Have they not heard of the 'recession' with this crowd its more a case of 'depression' for its customers.  *looks at horizon and can see greener pastures*


----------



## dtlyn (20 Jan 2010)

Frank said:


> Just got a note from UPC saying that they are upping there prices.
> 
> VAT down price up thanks UPC.
> 
> Happy new year to you too.




That's strange, they just added ESPN to my DigitalMax+ package for free....?


----------



## TarfHead (20 Jan 2010)

IIRC, the charge has gone up 50c a month.

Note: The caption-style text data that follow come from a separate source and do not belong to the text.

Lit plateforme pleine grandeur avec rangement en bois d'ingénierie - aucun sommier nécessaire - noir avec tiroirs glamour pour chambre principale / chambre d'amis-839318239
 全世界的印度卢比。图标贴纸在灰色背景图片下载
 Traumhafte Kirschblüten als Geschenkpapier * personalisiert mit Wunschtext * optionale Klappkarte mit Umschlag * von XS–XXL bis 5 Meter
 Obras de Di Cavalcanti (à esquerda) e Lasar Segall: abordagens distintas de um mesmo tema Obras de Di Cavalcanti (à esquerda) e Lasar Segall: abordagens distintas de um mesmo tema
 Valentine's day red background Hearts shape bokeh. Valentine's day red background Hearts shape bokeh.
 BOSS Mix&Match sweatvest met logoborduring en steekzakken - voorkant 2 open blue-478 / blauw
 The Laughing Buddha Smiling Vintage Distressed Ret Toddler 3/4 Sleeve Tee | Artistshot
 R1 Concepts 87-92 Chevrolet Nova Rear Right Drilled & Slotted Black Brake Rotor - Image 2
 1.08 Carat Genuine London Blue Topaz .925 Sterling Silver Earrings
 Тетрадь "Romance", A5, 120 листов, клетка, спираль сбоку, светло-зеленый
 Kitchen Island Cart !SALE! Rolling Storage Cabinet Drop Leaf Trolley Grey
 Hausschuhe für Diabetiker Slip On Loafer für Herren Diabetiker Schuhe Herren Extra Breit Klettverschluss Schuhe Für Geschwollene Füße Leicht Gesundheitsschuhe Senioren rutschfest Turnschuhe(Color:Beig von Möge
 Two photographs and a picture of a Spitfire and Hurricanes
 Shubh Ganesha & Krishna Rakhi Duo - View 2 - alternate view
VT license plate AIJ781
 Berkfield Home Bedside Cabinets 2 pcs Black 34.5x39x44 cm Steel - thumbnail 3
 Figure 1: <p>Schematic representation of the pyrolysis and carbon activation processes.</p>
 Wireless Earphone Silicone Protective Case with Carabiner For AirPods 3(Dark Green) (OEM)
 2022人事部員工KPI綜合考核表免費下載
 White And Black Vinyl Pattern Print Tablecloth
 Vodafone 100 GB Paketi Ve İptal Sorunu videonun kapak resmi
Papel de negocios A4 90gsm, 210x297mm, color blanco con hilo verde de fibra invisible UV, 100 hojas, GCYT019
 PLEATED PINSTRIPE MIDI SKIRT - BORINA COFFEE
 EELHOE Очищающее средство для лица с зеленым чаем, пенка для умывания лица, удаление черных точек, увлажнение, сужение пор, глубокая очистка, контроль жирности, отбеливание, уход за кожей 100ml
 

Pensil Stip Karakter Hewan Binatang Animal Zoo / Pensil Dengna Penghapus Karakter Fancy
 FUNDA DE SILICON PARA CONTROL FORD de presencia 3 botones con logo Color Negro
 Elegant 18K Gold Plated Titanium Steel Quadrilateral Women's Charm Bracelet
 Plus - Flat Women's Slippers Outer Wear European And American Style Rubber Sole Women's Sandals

They've added 3 ITV channels, 2 ESPN, 2 SKY, with a couple more (incl. FX) yet to come.

50c a month extra


----------



## Latrade (20 Jan 2010)

dtlyn said:


> That's strange, they just added ESPN to my DigitalMax+ package for free....?


 
What region is that? I know some around Dublin have ESPN on their DMax, but doesn't appear to come in the old Chorus regions.


----------



## PyritePete (20 Jan 2010)

ESPN free for all UPC customers this weekend, as said on TV3 this morning. Have also noticed extra ITV channels etc


----------



## dtlyn (20 Jan 2010)

Latrade said:


> What region is that? I know some around Dublin have ESPN on their DMax, but doesn't appear to come in the old Chorus regions.



Rathmines area?


----------



## TarfHead (20 Jan 2010)

Latrade said:


> What region is that? I know some around Dublin have ESPN on their DMax, but doesn't appear to come in the old Chorus regions.


 
Dublin North East
Was never a Chorus customer - Cablelink, then ntl, now upc.


----------



## Dinarius (22 Jan 2010)

I've seen the note on their website about ESPN being free this weekend.

What are the numbers of the new ITV and Sky channels? I haven't noticed them.

Thanks.

D.


----------